The problem with tricks is that it takes a while to locate the right one to use. Since we’re in a base-10 system, I find it much easier to not only know your 10-families (8&2, 5&5, etc.) but to know your 5 families (4+1, 2+3). When I see those “bastards” like 8+5, I see the 8 as 5+3 and simultaneously as 10-2. So I can see that there’s a 3 that shouldn’t disappear from my answer. The problem I find with tricks like the doubles is that 14 is a useless number. It’s not round at all. So when you get something like 234, can you easily see that it’s 220+14? Not really. But a number will always be in base-10 so the tricks will never change.
All I’m really saying is to train not only on 10s but on 5s too, so that 8+5 or 3+6 isn’t a bastard at all.
I don’t know; the implication perhaps is that they were memorised by rote.
…and I’m not actually saying that’s a bad thing. I just joined the debate to make two points:
Not memorising the times table is not necessarily crippling.

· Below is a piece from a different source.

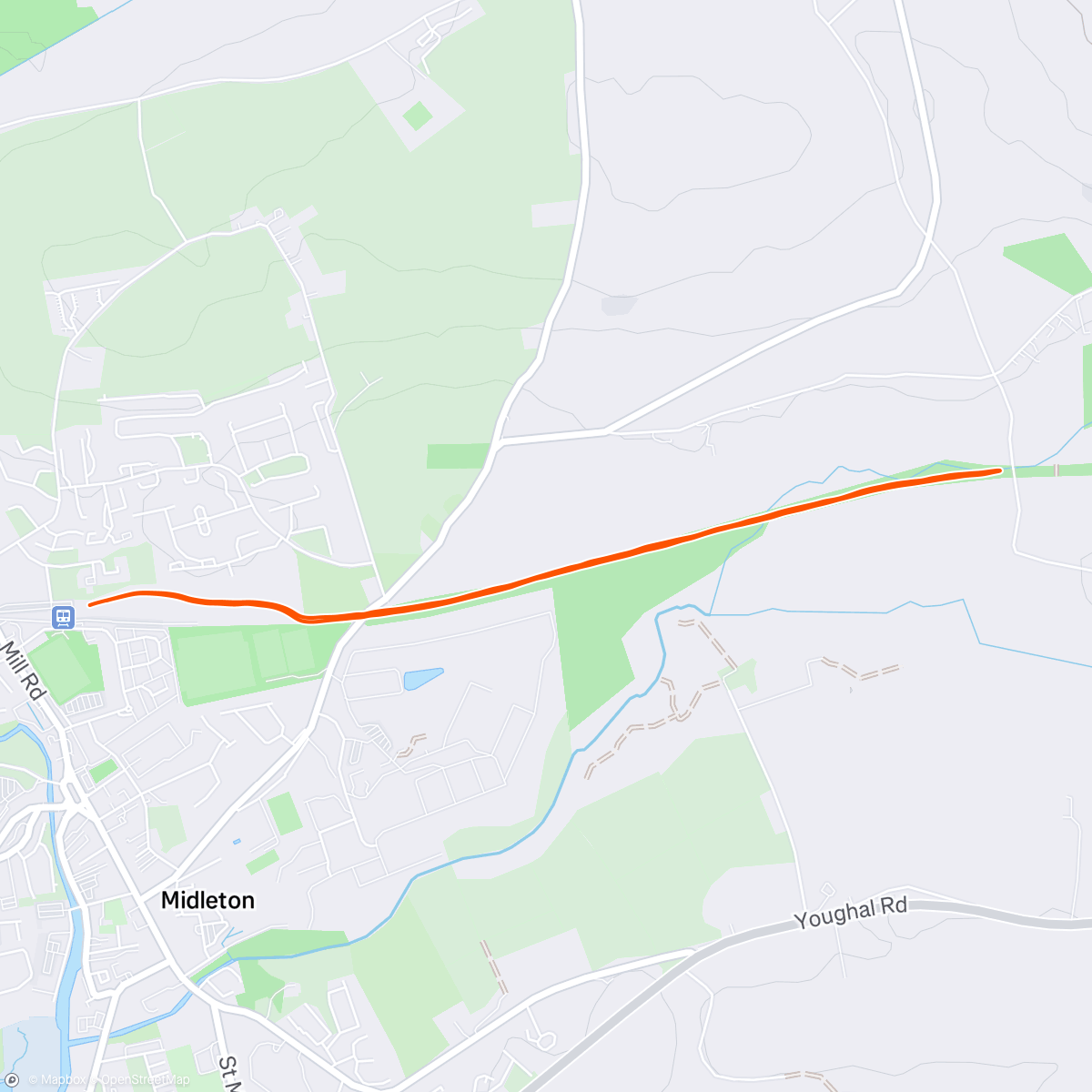 Map of the activity, Midleton Parkrun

I never made an effort to memorise the times table and yet I’ve always been very fast at completing maths tasks/exams and have done very well academically in that area. (I don’t mean to be big-headed but it’s necessary in the current debate).

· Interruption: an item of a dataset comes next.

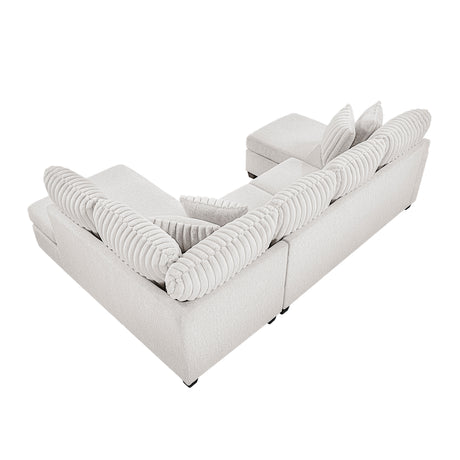 Lawson Taupe 2-Piece Sectional with Chaise from Homelegance - Luna Furniture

If memorising maths “facts” pushes out teaching aimed at manipulating numbers comfortably, then I think the priorities are wrong. Children should be aware that maths is logical and that you can often find a solution multiple ways just by reasoning out a problem.
My husband and I were just discussing this a little while ago, so here’s my thought. Of course kids need to know that math is logical and that you can take the numbers apart and play with them a lot of different ways. We always teach the logic of the math facts when we do each batch, and I presume everyone else does too. What you do is grab your manipulatives, play around with them and have the kid work out each set, then do a lot of repetition for memorization.
But what I’ve noticed with my kid is that once she has material learned well–say the addition facts (since we’re still working on quick retrieval of times tables)–she starts being able to play with the numbers on her own, in her head. She starts telling me ways she’s found to do that. Real understanding and mastery seem to come after repetition and memorization and long use. My husband, a math and physics whiz, commented that you have to know the scales before you can jam. If you have the basics down bone-deep, you can play freely.
FWIW, last night while going over multiplication tables with my 8 year old, I pointed out to her that n[sup]2[/sup] - 1 = (n+1) * (n-1). She was enthralled. I tried to prove it to her algebraically, but that was a little beyond her. But you definitely can find neat mathematical principles like that just from the times tables.